Ah, life in a little town.
getting ready to repair and paint
My life revolves around work. Get up and go to work. Come home and work. Go to bed and work to go to sleep. If I were more focused, it wouldn’t take me twice as long as it does anybody else to get something finished. I need Cousin Sandy to come up here and sit on my deck pointing with her cigarette in hand everything that needs to be done. I got soooo much accomplished that day. Or Sis Dar to come down and tear into everything telling me put this here and put that there.
This is just the beginning. By Sunday (if I get the pool paint I ordered) it will be my backyard paradise. I will need it because I will be practically dead from exhaustion. But next weekend will be Sangria Saturday! And I am going to cook some of my voluminous recipes.
As a matter of fact, I will give you all a great dessert recipe we had at book club the other night, via Bridgette. Layer ice cream sandwiches, Cool Whip, and drizzle caramel and chocolate over the top. She used two boxes of ice cream sandwiches for a rectangle pan and about one and a half tubs of Cool Whip. Place a layer of the sandwiches on bottom, cover with layer of Cool Whip, drizzle the chocolate and caramel; repeat. Freeze overnight. It was fantastic and so easy. She has used raspberry sauce with raspberries for garnish. Topped it with crushed Heath bars or Butterfinger. It’s a versatile dessert that you can make to your liking.

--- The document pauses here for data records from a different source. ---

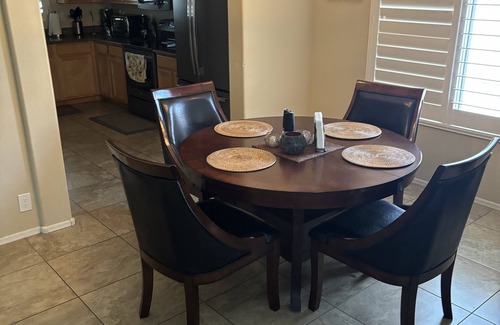 Tatum Ranch House | Top-Rated Pet-Friendly Home in North Phoenix/Scottsdale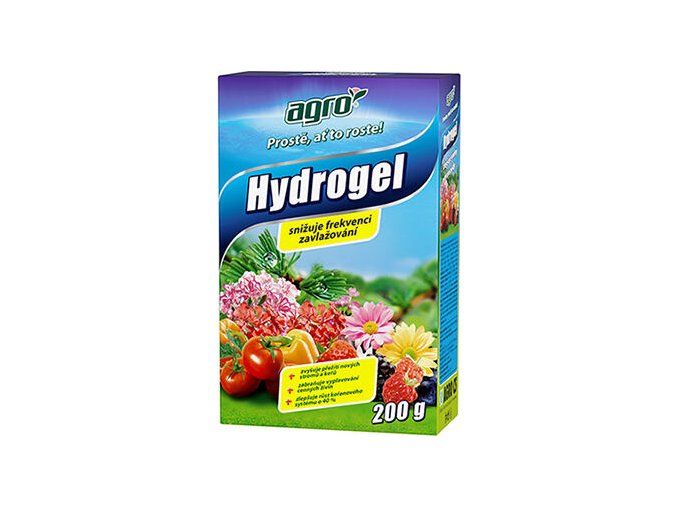 agro hydrogel 200 g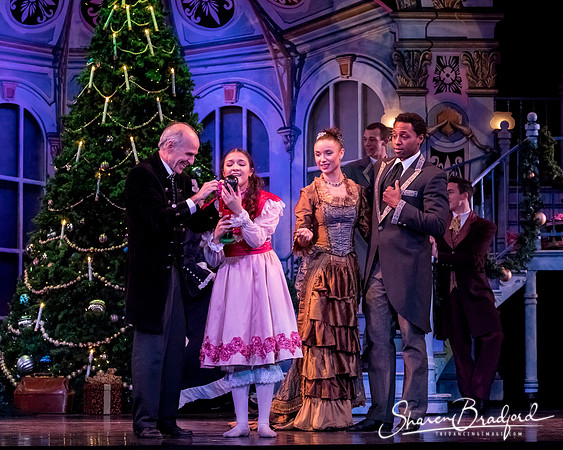 ASFB Nutcracker dress pc Sharen Bradford-2746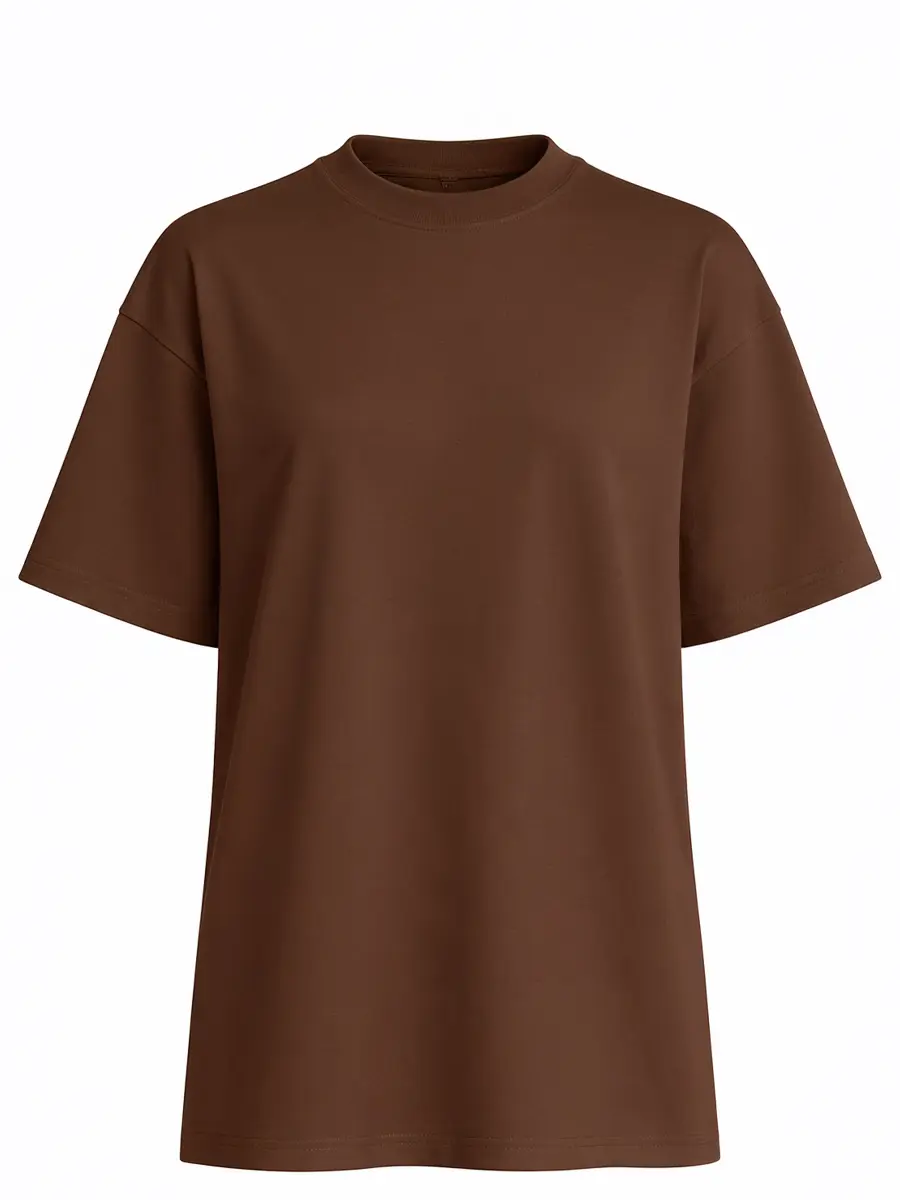 Футболка хлопковая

Let me know if you try it and what you think. I think I will make it this weekend for the big Paradise Party I’m having. You are all invited. Please bring your own work gloves and rubber boots or old tennies for climbing in and out of the pool. If you don’t want to paint, you can clean the pool house. It only has two years worth of crud in there since I didn’t even go in it last year… I don’t think.
How exciting!! Something different for the weekend. Paradise Party!! It may look like a dump heap right now, but Paradise coming up! Can’t wait to see you (and your work clothes).

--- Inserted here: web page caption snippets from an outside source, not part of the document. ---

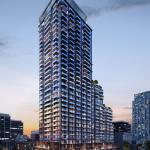 75 James Condominiums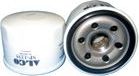Масляный фильтр Alco Filters. Артикул SP-1335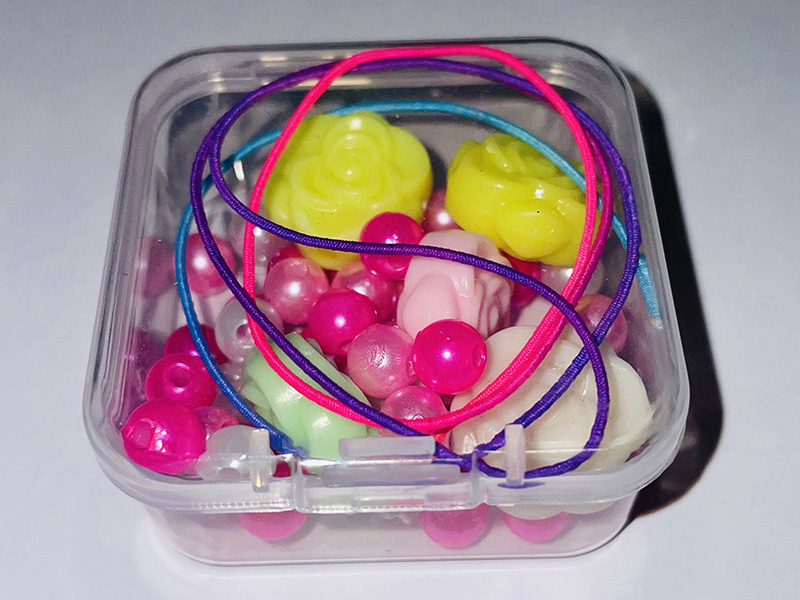 DIY Beads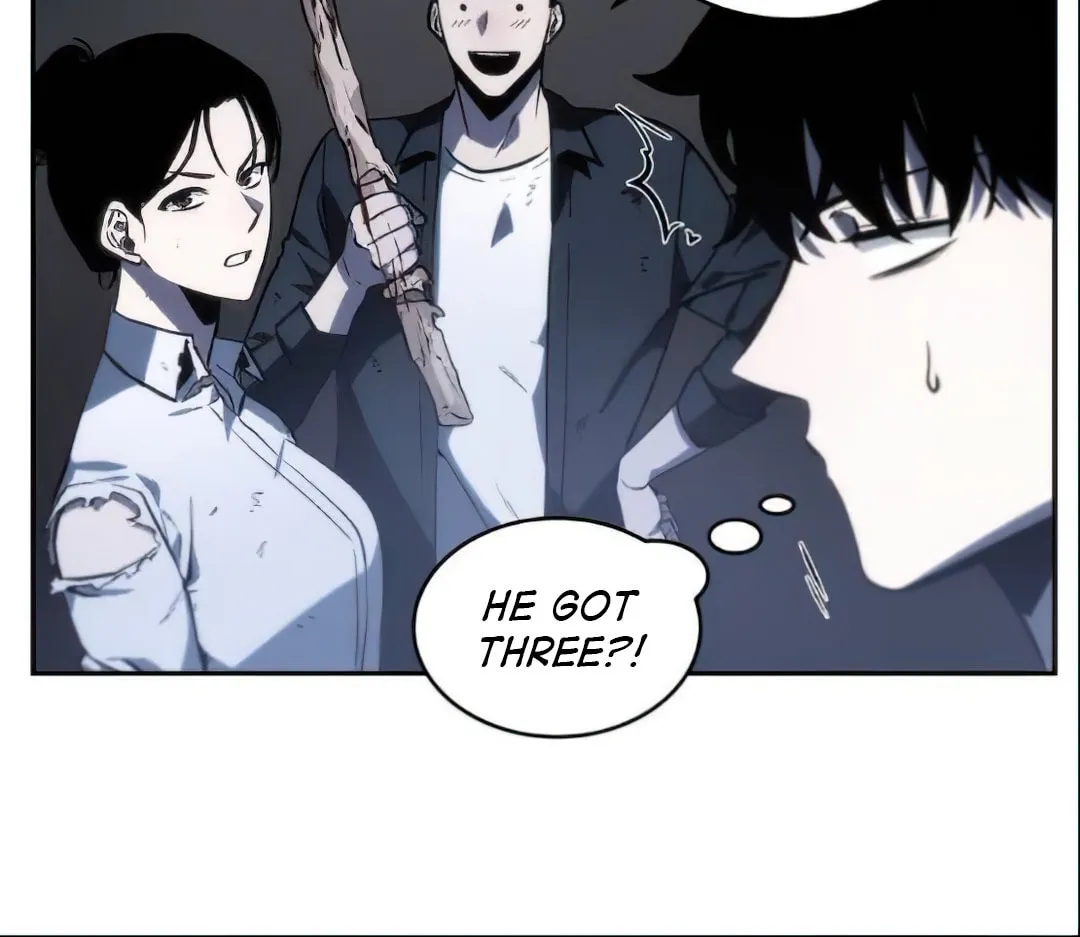 Omniscient Reader Chapter 19 page 103 -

It’s getting that time. All the kiddos are asking me when I’m going to open the pool. They are awed by my awesome slides into the pool. If pool sliding were an Olympic event, I’m there.
It starts with “the climb.” Up the ladder that is. That ladder is tall, very tall, especially for a short chick. As the crowd (of kiddos) cheers me on, I put one foot in front of the other until I reach the summit.

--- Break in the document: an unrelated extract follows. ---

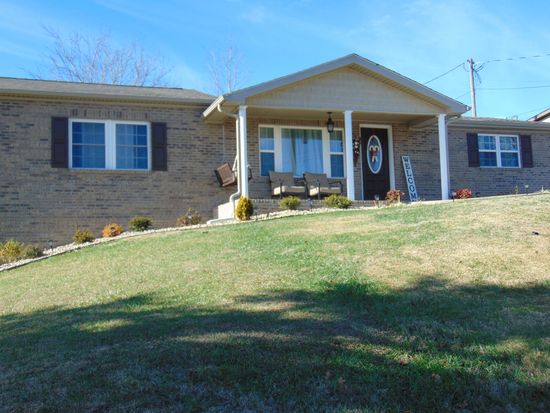 1214 Buchanan Rd Tazewell Tn 37879 Zillow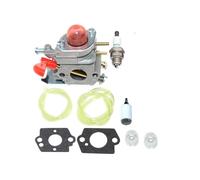ERIHJOX Carburateur adapté for 944516561 358791032 MC025 MC125 MT250CLS 530071811, C1U-W19, 545081807, WT-670.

success!! I sit at the summit of success (or top of the slide)
From there it is all downhill, literally. All I have to do is simply let go. My fans cheer and encourage me (just let go for crying out loud!) until I begin my descent. The grace of the glide is fantastic!My adrenalin pumps. Hands held high as if riding a roller coaster, off I go to plunge into the blue, cool water.
I’m never sure what happens about halfway down that causes to me to grab my nose and start screaming.